Peter Gray SC, representing witnesses from the Catholic Church, said when Cardinal Pell is asked to make a statement “he will certainly do so”.
On Tuesday, the commission heard Cardinal Pell may have known about disgraced priest Gerald Ridsdale’s crimes against children years before he faced charges and may have been involved in decisions to move him between parishes.
Counsel Assisting the commission, Gail Furness, SC, described on Tuesday how the College of Consultors – a group of priests who advised the Ballarat Bishop Ronald Mulkearns – decided to move Ridsdale between parishes, Fairfax reported.
Victim speaks of ‘horror room’
Nuns used pliers to pull out the teeth of a child sex abuse victim at a Ballarat orphanage, and he was also locked in a dungeon known as the “horror room” and abused by a priest, the inquiry heard.
Giving evidence, Gordon Hill – now in his 70s – said he was taken to the St Joseph’s Home as a three-year-old.
He told the inquiry he was given the name ’29’ and could still remember “all the little kids getting on the bus” in 1946.

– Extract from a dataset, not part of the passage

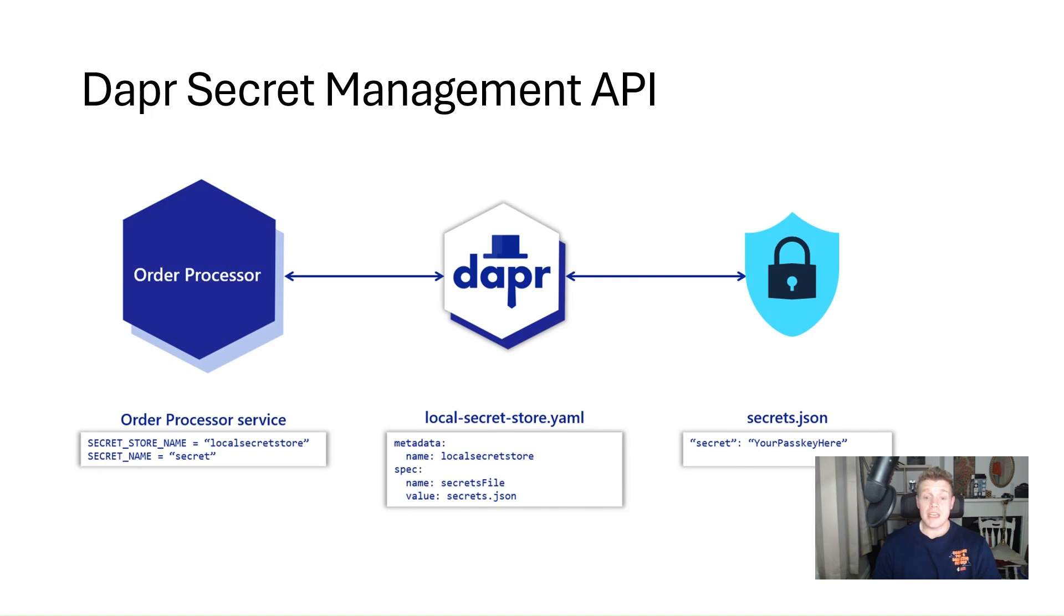We can even reference secrets inside other DAPA component files such as state stores and pubsub components.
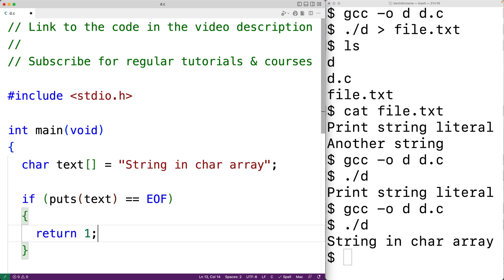It is important that puts is provided a proper string with a null terminator character at the end to properly terminate the string. To use the puts function, we also need to include the stdio.h library where it's defined. So this is how we can use the puts function in C to output a string.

Mr Hill told the inquiry he was first abused by a priest at age five, in a dungeon-like environment he called “the horror rooms”.
“I was given a drink … I blacked out,” he said.
“When I woke up my genitals and bottom hurt … I discovered bite marks. The priest told me to get out.”
He said when he woke up and walked outside, “The nun was laughing. Big joke to her … she told me to get back to work. Maybe because I was walking funny.”
On other occasions Mr Hill said he was stripped down naked, tied up and sexually abused.
Mr Hill told the inquiry his mouth was so sore after having his teeth removed he could not eat, so he fed his food to a mouse he made a pet of in the dungeon.
He said sticks were broken across his back and he still bears the scars.
Mr Hill began crying as he recalled the ongoing nightmares and role the abuse had taken on in his life.
“One of the last things my wife said before she died … was that she hoped one day I could tell my story,” Mr Hill said.